======== ENTRIES SUPPLIED
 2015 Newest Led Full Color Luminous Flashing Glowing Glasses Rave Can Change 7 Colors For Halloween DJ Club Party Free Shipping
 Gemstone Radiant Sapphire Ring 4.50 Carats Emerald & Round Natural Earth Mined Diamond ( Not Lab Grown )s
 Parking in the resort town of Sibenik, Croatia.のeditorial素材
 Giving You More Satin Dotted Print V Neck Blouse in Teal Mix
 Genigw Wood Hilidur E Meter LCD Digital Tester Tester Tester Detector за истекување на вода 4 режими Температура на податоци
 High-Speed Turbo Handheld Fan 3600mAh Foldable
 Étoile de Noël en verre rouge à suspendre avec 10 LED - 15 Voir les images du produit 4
================
======== ENTRIES SUPPLIED
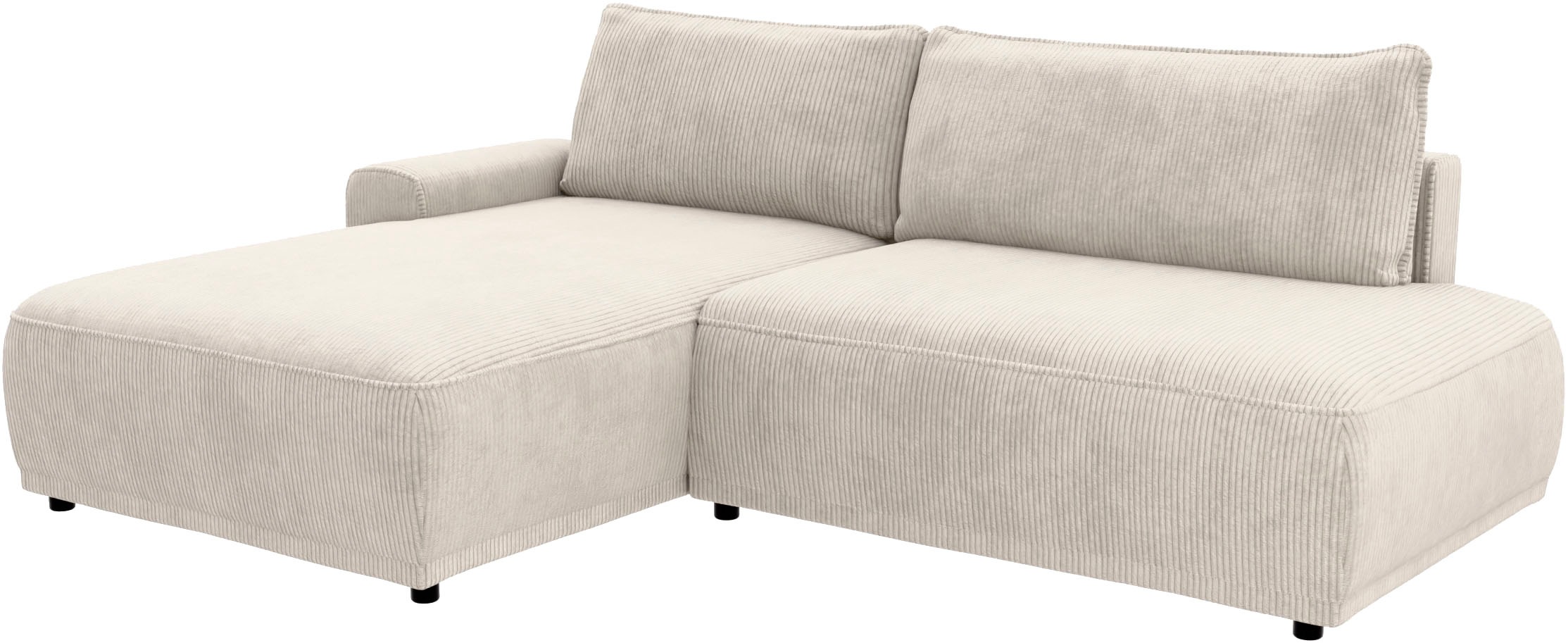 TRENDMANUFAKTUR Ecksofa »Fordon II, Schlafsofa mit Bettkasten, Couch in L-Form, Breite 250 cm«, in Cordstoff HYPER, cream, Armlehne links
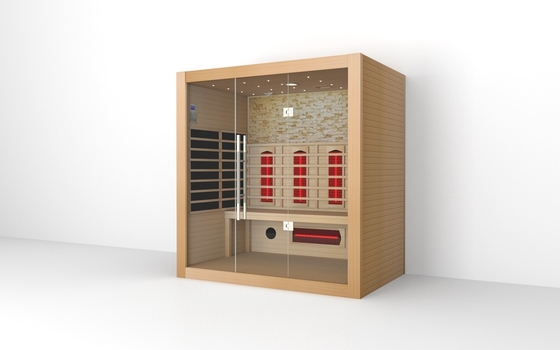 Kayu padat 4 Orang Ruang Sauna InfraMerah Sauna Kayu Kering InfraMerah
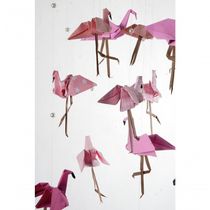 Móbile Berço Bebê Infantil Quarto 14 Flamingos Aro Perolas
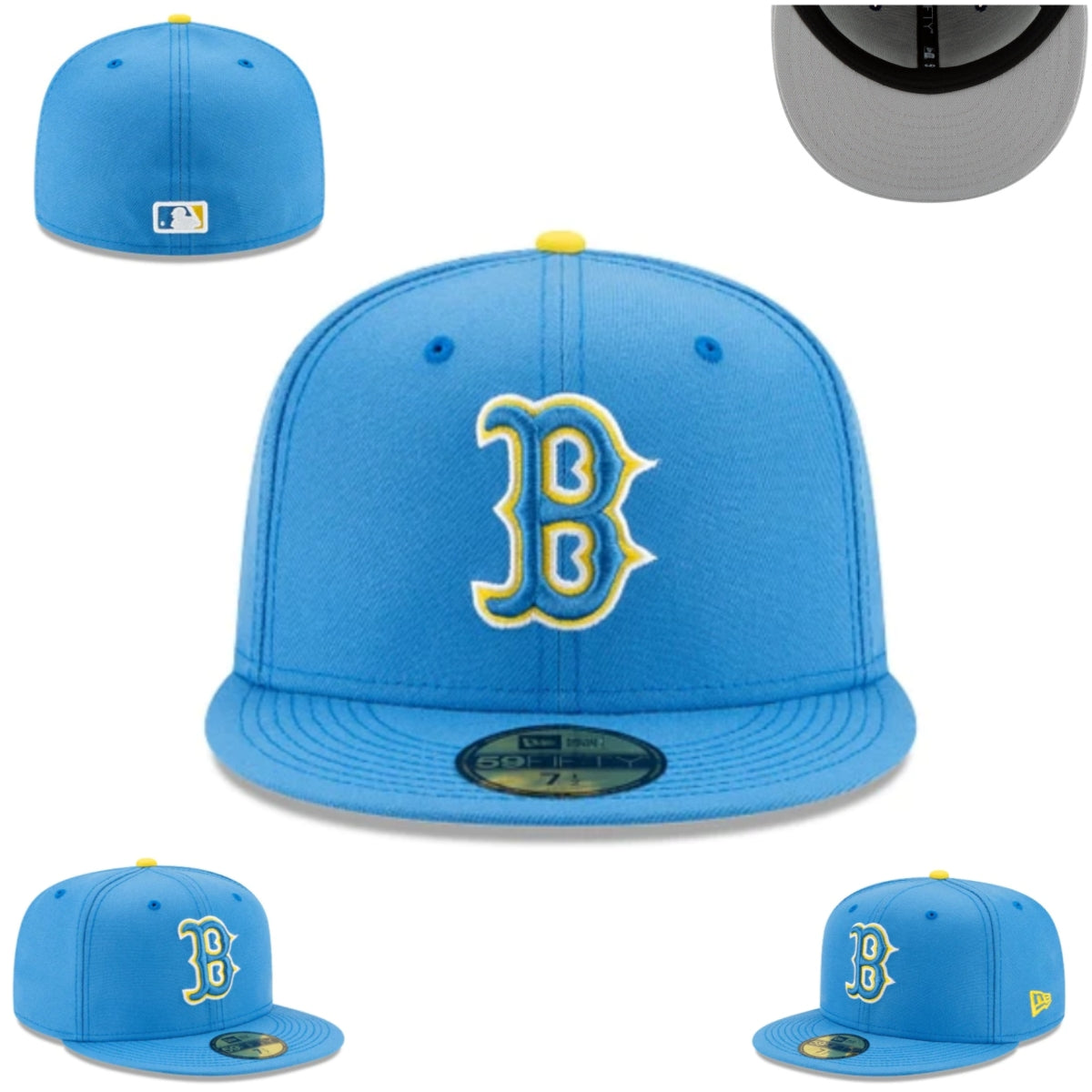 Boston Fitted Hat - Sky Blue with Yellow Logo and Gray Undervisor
================
» **EXERCISE PROMPT**
Reproduce the listing above from the line that holds "Móbile Berço Bebê" through the line that holds "Boston Fitted Hat", both included, with the pictures left out.

» **EXPECTED ANSWER**
 Móbile Berço Bebê Infantil Quarto 14 Flamingos Aro Perolas
 Boston Fitted Hat - Sky Blue with Yellow Logo and Gray Undervisor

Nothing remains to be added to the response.